[[ SUPPLIED DATA, beginning ]]

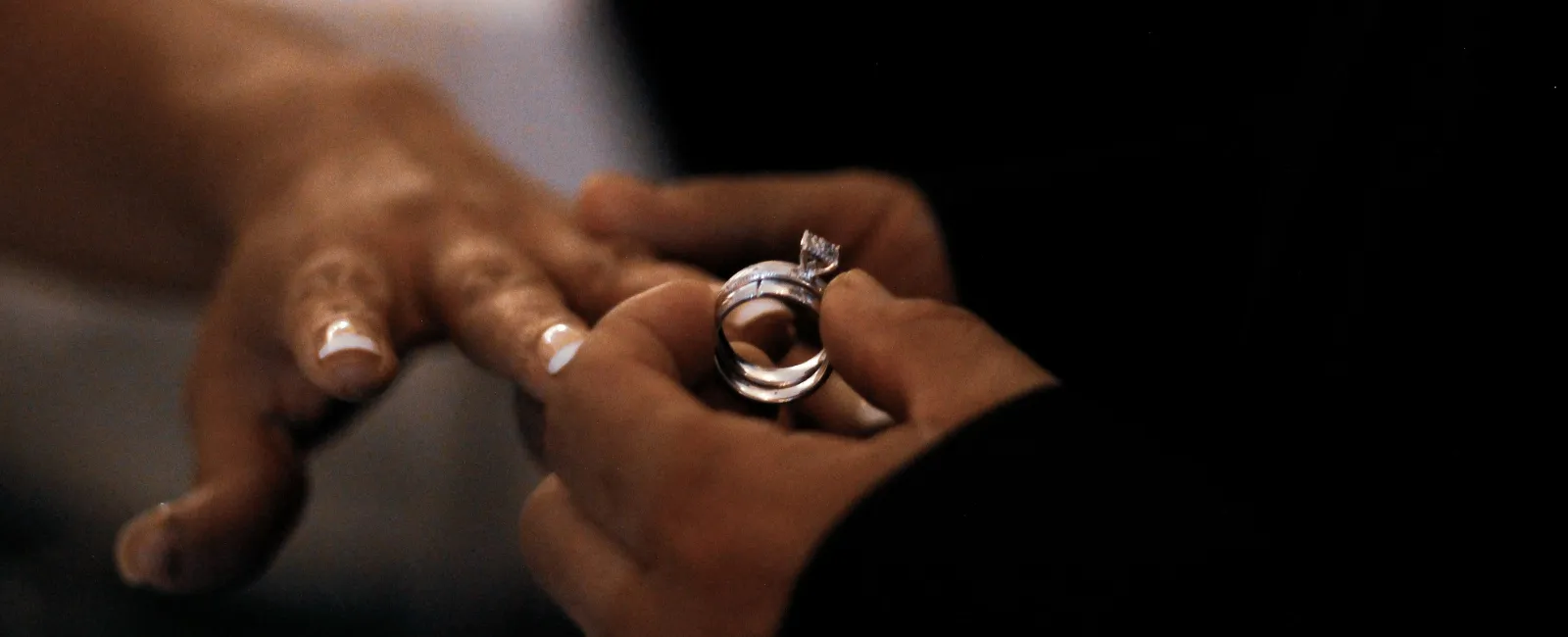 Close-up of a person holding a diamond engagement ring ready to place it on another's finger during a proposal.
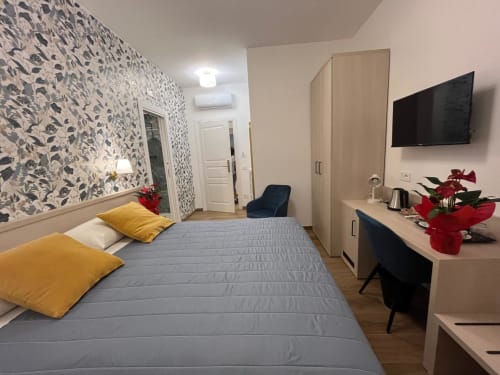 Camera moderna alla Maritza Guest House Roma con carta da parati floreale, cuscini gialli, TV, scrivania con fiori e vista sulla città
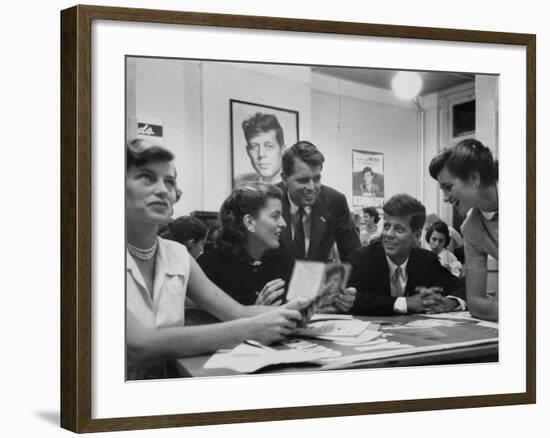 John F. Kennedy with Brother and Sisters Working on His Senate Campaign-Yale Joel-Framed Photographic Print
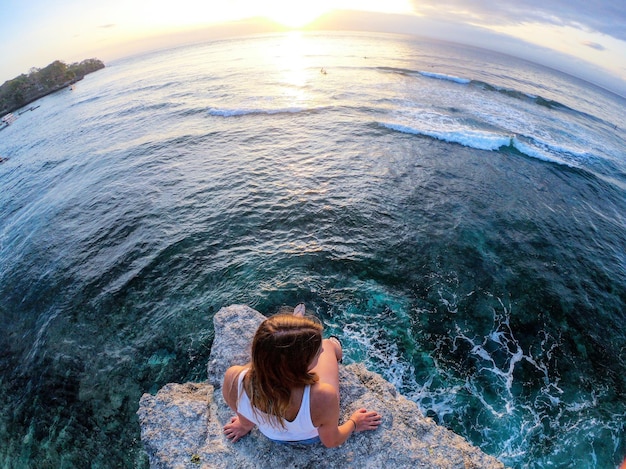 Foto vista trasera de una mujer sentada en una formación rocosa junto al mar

[[ SUPPLIED DATA, end ]]

* _TASK OBJECTIVE_
Transcribe the listing exactly, skipping pictures.

* _EXERCISE RESULT_
 Close-up of a person holding a diamond engagement ring ready to place it on another's finger during a proposal.
 Camera moderna alla Maritza Guest House Roma con carta da parati floreale, cuscini gialli, TV, scrivania con fiori e vista sulla città
 John F. Kennedy with Brother and Sisters Working on His Senate Campaign-Yale Joel-Framed Photographic Print
 Foto vista trasera de una mujer sentada en una formación rocosa junto al mar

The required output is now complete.